L'Editoriale

Cose mai viste su TeleMeloni

Cose mai viste su TeleMeloni

Tele-Renzi prima. Tele-Draghi poi. E ora Tele-Meloni. Diciamoci la verità, non è l’ingerenza politica in sé nella gestione della Rai, pagata dal canone di tutti gli italiani, ma soggetta al controllo della politica (e del governo di turno) a scandalizzare più di tanto. Ché in fondo, di lottizzazione della televisione di Stato si parla dai tempi della prima Repubblica. E da destra a sinistra, mentre a parole si inneggiava all’indipendenza del servizio pubblico al grido “fuori la politica dalla Rai”, quella stessa politica si è ben guardata nei fatti dal mollare un osso troppo ghiotto per lasciarselo sfuggire. Fino al salto di qualità della riforma della governance del 2015 (governo Renzi). Quando il controllo parlamentare ha ceduto il passo direttamente a quello dell’esecutivo.
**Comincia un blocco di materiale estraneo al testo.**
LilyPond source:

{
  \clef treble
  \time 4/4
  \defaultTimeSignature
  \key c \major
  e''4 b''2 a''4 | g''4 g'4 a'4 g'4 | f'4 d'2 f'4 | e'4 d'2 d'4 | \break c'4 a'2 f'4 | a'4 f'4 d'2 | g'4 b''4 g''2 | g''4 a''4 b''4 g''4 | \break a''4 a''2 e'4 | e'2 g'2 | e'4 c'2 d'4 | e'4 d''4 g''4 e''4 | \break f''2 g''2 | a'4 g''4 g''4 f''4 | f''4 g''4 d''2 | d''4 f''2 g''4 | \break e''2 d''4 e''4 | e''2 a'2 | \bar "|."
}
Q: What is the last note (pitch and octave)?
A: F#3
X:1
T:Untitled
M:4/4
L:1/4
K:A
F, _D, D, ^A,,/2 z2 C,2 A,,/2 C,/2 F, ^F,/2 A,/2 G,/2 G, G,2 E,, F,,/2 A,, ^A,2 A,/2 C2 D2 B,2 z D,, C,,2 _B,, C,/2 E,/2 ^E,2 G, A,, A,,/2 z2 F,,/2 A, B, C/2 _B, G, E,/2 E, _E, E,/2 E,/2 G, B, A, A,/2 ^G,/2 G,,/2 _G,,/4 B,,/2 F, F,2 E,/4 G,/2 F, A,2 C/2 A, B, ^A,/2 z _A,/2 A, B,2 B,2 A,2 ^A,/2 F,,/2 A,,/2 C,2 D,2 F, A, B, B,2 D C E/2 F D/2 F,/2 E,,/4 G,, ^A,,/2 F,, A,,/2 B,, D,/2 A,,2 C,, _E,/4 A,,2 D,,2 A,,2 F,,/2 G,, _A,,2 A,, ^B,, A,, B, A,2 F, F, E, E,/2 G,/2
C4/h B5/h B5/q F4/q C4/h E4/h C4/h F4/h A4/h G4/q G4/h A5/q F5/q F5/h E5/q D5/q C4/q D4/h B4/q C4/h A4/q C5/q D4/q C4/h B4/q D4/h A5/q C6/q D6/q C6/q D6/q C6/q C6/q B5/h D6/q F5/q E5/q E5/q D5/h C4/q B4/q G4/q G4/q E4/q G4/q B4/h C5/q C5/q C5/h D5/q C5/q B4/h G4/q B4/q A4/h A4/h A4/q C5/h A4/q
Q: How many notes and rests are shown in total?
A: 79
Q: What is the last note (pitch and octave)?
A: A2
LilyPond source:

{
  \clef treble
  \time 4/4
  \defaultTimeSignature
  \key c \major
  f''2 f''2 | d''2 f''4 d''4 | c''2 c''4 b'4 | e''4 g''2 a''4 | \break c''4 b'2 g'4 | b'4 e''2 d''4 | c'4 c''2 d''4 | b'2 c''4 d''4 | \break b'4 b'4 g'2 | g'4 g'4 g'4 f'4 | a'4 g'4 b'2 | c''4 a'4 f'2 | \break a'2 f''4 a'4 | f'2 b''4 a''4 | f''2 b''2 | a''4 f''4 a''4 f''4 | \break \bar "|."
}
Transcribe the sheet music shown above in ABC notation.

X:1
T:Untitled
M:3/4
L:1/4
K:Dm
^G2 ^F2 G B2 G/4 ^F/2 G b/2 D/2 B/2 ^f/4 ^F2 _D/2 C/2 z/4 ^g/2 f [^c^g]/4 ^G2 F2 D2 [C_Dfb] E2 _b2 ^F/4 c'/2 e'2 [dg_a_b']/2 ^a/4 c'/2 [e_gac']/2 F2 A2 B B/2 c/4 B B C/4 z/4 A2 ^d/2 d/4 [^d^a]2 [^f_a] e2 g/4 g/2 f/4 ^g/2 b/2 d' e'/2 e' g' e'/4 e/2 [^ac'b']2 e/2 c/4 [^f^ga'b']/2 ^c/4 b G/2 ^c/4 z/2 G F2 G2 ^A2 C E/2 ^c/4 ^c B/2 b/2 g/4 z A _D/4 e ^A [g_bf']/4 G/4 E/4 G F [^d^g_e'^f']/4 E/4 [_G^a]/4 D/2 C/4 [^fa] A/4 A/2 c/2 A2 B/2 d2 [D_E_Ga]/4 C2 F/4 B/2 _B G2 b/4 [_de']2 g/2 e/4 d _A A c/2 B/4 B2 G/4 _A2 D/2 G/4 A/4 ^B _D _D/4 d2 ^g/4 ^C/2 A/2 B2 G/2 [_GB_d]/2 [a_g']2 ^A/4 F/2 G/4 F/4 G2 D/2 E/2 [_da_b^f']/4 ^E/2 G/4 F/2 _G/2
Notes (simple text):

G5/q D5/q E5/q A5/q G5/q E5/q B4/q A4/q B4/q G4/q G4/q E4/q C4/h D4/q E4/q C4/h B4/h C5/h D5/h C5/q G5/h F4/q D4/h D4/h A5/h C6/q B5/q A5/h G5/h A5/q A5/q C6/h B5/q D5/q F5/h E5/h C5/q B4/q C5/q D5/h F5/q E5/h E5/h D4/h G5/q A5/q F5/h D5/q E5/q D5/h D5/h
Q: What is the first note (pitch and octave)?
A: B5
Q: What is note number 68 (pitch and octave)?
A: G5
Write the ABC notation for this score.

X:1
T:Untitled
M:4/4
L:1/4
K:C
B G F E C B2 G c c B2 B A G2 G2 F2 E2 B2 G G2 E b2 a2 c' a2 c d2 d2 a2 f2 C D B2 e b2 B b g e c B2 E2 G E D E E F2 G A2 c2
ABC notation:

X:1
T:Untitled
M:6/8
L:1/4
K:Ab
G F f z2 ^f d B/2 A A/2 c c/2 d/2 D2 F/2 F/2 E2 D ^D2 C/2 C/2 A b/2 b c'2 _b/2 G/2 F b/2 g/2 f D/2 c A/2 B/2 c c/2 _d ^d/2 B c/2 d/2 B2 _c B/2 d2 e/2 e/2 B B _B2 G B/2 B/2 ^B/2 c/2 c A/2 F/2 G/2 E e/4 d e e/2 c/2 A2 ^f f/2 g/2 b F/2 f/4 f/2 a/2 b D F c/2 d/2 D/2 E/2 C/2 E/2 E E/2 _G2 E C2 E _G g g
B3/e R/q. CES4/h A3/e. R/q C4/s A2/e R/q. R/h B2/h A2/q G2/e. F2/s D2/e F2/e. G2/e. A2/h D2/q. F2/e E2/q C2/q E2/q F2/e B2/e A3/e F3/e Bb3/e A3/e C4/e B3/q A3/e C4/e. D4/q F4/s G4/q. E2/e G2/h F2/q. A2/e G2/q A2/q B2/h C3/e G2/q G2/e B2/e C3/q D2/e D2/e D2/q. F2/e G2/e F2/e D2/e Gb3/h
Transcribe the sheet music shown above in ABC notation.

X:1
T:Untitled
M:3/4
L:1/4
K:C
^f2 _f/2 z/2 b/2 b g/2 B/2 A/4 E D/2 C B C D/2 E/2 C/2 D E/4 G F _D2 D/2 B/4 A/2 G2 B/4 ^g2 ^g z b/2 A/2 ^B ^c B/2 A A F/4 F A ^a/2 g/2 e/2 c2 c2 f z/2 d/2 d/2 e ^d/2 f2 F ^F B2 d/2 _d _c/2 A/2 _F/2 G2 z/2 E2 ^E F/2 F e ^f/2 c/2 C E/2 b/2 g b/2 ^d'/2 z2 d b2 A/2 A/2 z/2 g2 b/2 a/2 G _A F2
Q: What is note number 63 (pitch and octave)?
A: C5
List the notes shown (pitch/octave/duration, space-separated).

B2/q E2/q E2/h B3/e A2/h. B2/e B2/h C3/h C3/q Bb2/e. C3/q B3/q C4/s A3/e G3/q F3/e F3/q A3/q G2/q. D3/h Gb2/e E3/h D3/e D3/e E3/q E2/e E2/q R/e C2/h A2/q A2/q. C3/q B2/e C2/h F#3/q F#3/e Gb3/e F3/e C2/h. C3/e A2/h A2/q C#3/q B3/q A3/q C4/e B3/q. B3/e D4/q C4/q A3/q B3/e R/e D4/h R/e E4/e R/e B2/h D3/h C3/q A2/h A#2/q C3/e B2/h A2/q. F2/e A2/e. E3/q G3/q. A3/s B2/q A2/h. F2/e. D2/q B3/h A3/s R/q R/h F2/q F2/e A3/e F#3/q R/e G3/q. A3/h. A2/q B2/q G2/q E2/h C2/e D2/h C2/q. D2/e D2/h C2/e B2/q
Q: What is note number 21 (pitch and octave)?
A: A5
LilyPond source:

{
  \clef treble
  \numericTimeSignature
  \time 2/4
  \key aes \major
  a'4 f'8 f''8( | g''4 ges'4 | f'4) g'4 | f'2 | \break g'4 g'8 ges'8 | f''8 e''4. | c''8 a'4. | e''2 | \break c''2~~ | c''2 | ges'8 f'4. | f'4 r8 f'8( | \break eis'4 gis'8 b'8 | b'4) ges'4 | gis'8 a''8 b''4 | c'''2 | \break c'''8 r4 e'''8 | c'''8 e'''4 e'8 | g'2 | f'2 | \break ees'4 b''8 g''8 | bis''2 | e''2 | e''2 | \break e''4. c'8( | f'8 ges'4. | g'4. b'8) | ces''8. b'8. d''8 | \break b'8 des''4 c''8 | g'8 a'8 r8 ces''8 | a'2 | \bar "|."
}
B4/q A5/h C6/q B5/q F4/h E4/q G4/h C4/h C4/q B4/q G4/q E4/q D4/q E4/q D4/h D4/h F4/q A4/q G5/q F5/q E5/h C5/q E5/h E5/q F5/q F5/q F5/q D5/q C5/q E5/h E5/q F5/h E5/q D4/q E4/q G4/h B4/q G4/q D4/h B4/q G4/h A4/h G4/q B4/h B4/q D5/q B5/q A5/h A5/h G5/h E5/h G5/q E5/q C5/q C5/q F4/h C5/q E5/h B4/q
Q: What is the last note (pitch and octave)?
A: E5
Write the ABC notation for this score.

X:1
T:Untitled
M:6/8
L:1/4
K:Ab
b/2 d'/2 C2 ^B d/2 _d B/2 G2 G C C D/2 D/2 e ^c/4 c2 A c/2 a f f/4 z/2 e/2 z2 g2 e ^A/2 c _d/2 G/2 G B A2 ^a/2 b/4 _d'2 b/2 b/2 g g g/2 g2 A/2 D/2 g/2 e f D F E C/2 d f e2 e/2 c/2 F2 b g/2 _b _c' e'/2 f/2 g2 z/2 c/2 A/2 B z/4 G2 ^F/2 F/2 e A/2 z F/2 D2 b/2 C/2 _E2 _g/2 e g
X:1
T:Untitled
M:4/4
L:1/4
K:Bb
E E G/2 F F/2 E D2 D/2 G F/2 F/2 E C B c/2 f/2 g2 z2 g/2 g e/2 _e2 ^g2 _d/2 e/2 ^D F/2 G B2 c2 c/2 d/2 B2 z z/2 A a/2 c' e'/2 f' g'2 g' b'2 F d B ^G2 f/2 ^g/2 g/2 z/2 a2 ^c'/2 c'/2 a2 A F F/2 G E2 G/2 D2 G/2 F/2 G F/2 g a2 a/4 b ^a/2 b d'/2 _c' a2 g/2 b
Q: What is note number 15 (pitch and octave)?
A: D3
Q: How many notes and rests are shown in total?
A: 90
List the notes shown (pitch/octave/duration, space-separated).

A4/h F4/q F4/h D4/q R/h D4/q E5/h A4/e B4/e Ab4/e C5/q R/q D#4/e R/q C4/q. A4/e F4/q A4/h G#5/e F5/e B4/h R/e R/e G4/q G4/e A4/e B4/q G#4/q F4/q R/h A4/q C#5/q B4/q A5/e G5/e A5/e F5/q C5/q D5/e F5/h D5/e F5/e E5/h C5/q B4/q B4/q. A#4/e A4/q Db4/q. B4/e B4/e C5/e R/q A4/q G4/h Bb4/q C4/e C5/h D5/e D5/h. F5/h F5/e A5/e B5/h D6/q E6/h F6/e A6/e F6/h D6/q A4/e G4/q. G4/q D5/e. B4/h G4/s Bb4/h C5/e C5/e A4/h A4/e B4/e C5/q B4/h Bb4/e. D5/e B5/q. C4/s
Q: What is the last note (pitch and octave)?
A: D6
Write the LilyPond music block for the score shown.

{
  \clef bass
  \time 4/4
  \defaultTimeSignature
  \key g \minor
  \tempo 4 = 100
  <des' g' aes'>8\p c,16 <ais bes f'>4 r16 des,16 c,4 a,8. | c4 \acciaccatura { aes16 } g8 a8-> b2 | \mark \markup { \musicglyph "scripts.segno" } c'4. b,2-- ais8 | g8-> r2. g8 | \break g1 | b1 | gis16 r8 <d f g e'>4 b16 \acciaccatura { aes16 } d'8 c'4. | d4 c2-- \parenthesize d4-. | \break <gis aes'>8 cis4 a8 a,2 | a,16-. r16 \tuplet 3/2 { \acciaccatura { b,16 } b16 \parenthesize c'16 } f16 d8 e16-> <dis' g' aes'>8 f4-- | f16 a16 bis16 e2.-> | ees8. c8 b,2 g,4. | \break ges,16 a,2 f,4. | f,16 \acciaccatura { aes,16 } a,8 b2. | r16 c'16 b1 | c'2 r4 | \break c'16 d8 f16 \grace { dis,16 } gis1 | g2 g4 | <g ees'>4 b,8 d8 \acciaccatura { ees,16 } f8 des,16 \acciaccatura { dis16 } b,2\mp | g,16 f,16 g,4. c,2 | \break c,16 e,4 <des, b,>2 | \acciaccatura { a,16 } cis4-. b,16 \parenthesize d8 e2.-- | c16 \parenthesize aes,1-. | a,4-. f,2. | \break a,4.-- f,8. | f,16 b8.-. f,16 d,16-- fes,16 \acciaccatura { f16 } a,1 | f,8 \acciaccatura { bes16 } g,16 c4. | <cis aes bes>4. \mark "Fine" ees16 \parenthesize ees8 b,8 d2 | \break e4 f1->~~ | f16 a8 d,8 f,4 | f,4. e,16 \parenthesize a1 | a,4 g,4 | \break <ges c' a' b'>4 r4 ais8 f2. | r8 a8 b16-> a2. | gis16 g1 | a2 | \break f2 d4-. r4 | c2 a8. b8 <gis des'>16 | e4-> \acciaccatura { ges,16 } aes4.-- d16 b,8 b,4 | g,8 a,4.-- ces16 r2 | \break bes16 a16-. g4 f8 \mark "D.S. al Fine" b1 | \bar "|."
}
Con il ministero dell’Economia che nomina l’amministratore delegato e il consigliere del Cda destinato alla presidenza.

Ciò che invece sorprende decisamente di più rispetto al passato non è tanto l’allergia della politica verso la libera informazione, quanto il livello di occupazione raggiunto nel corso di questa legislatura, che ha portato a situazioni senza precedenti nella storia dell’emittenza pubblica. A cominciare dall’inedita situazione di stallo della Commissione di Vigilanza paralizzata, dal suo insediamento, dalla mancata ratifica del presidente – Simona Agnes, in quota Forza Italia – che non ha i due terzi dei voti della stessa Vigilanza richiesti dalla legge. E dal centrodestra che diserta sistematicamente le sedute di convalida per evitare di andare sotto. Il risultato è una Rai completamente asservita al governo e un organo parlamentare, che dovrebbe vigilare sul rispetto del contratto di servizio, a sovranità limitata. E sì che di cose sulle quali vigilare ce ne sarebbero parecchie. A cominciare dall’osservanza del contratto di servizio, in base al quale la mission dell’emittenza pubblica dovrebbe (il condizionale è d’obbligo) essere quella di garantire la qualità dell’informazione nel rispetto, tra gli altri, dei criteri di equilibrio, correttezza, completezza, imparzialità, indipendenza e pluralismo.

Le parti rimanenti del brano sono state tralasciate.